How Are Wi-Fi 6 and 5G Different:

Application Scenarios: Wi-Fi 6 is a short-distance wireless technology and is most suitable for indoor coverage. Due to the limitation of spectrum resources and power, Wi-Fi 6 does not work well in outdoor long-distance scenarios where signals are prone to interference. The 5G network is planned and managed uniformly by the national authorities based on licensed spectrum resources. For outdoor coverage, signal interference is low, and therefore 5G is a feasible solution. For indoor coverage, however, high-frequency (24 GHz to 52 GHz) signals used by 5G are extremely prone to attenuation, and consequently, complex network planning is required for 5G deployment. Wi-Fi has an obvious advantage over 5G when it comes to deployment and maintenance for indoor coverage. As such, 5G is mainly used in public venues, public network access, and public IoT infrastructure of smart cities. Conversely, Wi-Fi is mainly used for self-built campus networks of enterprises and indoor high-density access.

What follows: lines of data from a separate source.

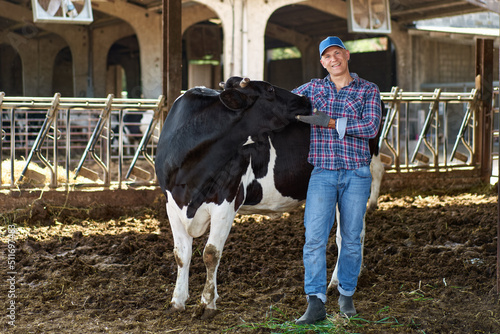 Farmer worker man at cow farm, livestock ranches © JENOCHE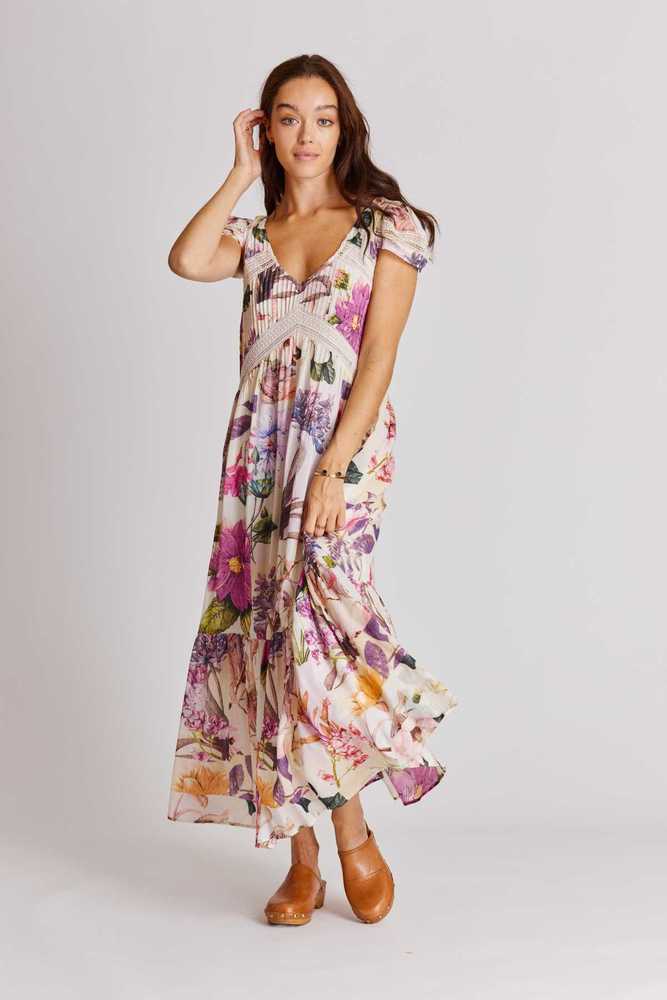 ΦΟΡΕΜΑ ΜΑΞΙ ΜΕ ΛΙΛΑ ΛΟΥΛΟΥΔΙΑ ΚΑΙ ΚΟΝΤΟ ΜΑΝΙΚΙ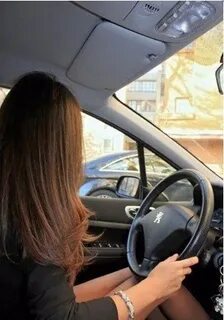 Запах темных волос на пассажирском купе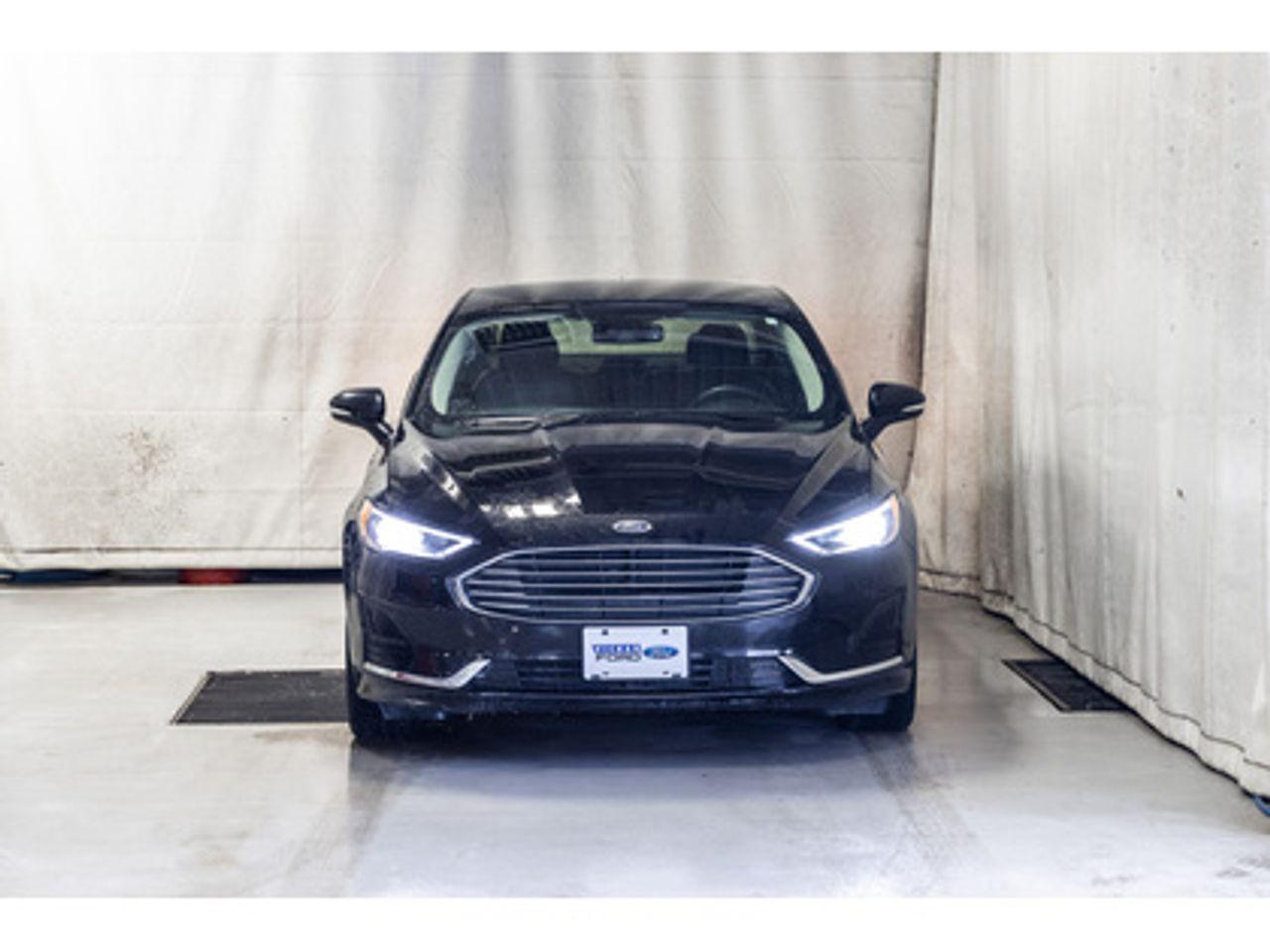 2020 Ford Fusion Hybrid -1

Spectrum Acquisition: The 2.4 GHz and 5 GHz spectrums of Wi-Fi are unlicensed, meaning registration is not necessary. Enterprises can simply buy Wi-Fi devices to get free access to 10 Gbit/s wireless networks brought by Wi-Fi 6. By contrast, 5G frequency bands require approvals from relevant government agencies from each country. The spectrum application can be a lengthy process and is not suitable for all enterprises. For small- and medium-sized businesses (SMBs) without fixed campus networks, 5G frequency band application and 5G base station deployment are not realistic.

Costs: Wi-Fi deployment is simple and Wi-Fi APs are becoming more intelligent (for example, Huawei uses smart antenna and SmartRadio RF calibration technologies). Wi-Fi network planning and O&M has become easier than ever before and can be achieved without highly-trained experts. On the contrary, 5G network planning and deployment require extensive network planning and simulation that requires verification by professional wireless network planning engineers, increasing investment, deployment, and maintenance costs considerably.

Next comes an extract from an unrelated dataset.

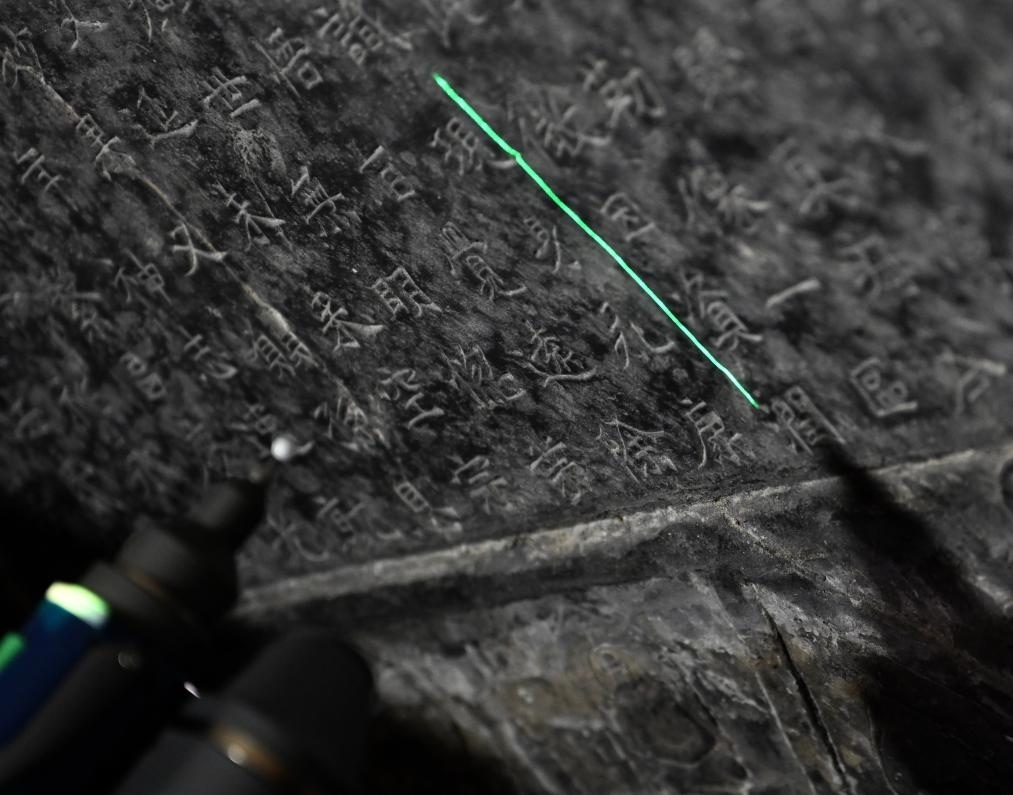 2025年4月9日，龍門石窟研究院工作人員在古陽洞使用關(guān)節(jié)臂掃描儀對(duì)《龍門二十品》之一進(jìn)行數(shù)字化掃描。新華社記者 李嘉南 攝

Deployment: The cost of deployment for Wi-Fi 6 terminals is lower – only a simple chip upgrade is required to convert Wi-Fi 5 terminals to Wi-Fi 6, without the need to change the architecture design. Portable terminals can even quickly support Wi-Fi 6 through PCIe cards, accelerating the development of the entire industry. The evolution to 5G terminals requires a complete redesign of the product, adding significant cost and complexity to the system. Therefore, Wi-Fi 6 network is the preferred choice for non-critical terminals such as printers, electronic whiteboards, intelligent building control systems, projection TVs, and telepresence systems. In April 2019, Intel released the Wi-Fi 6 network adapter, allowing legacy terminals to support Wi-Fi 6 through PCIe.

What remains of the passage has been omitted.